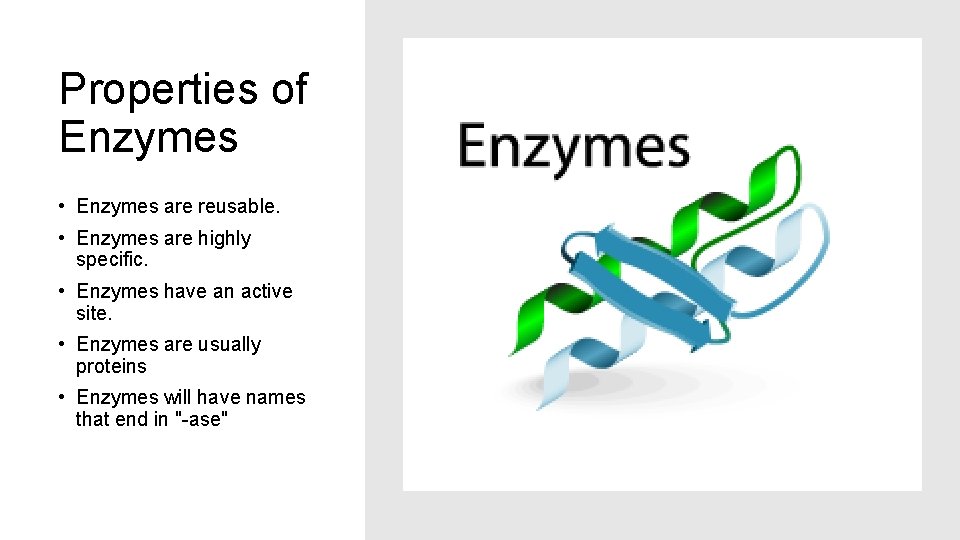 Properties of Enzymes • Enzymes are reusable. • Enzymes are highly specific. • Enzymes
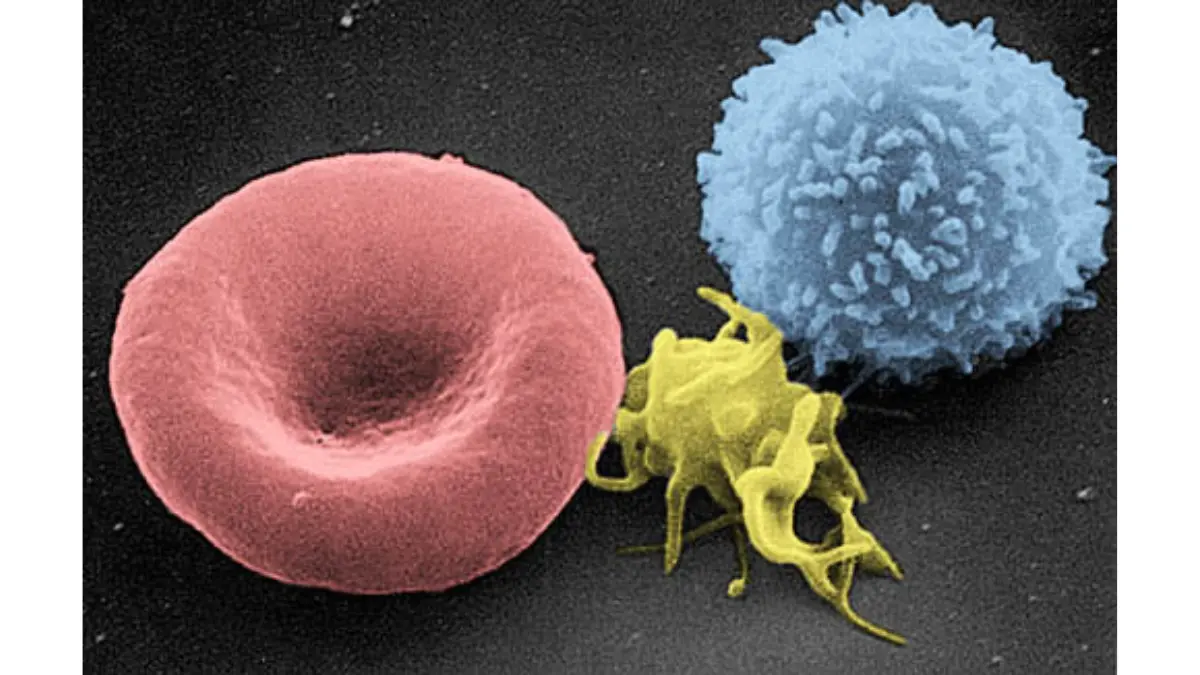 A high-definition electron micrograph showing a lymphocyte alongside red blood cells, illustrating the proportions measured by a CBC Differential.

# # # # #

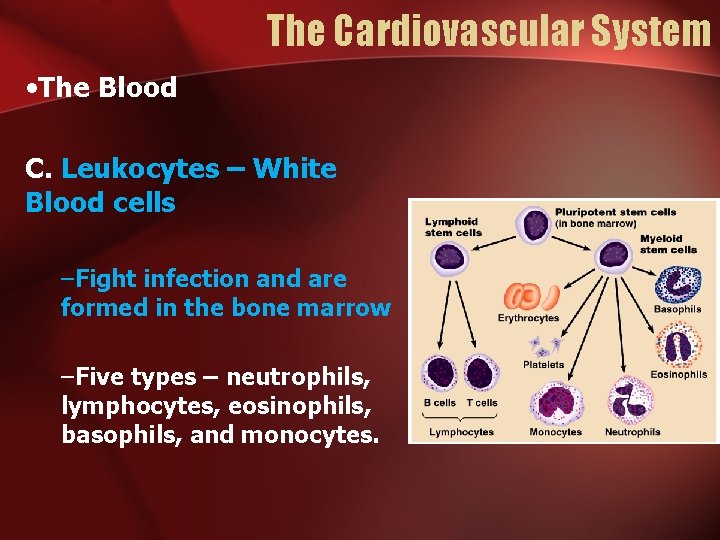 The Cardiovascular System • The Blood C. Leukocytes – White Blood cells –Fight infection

# # # # #

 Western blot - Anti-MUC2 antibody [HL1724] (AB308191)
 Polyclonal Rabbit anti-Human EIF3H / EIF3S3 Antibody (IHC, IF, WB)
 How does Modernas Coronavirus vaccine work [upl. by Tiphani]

# # # # #

Exercise aim:
Reproduce word for word the material above, beginning with the line that contains "Western blot - Anti-MUC2" and ending with the line that contains "How does Modernas".

Response to this exercise:
 Western blot - Anti-MUC2 antibody [HL1724] (AB308191)
 Polyclonal Rabbit anti-Human EIF3H / EIF3S3 Antibody (IHC, IF, WB)
 How does Modernas Coronavirus vaccine work [upl. by Tiphani]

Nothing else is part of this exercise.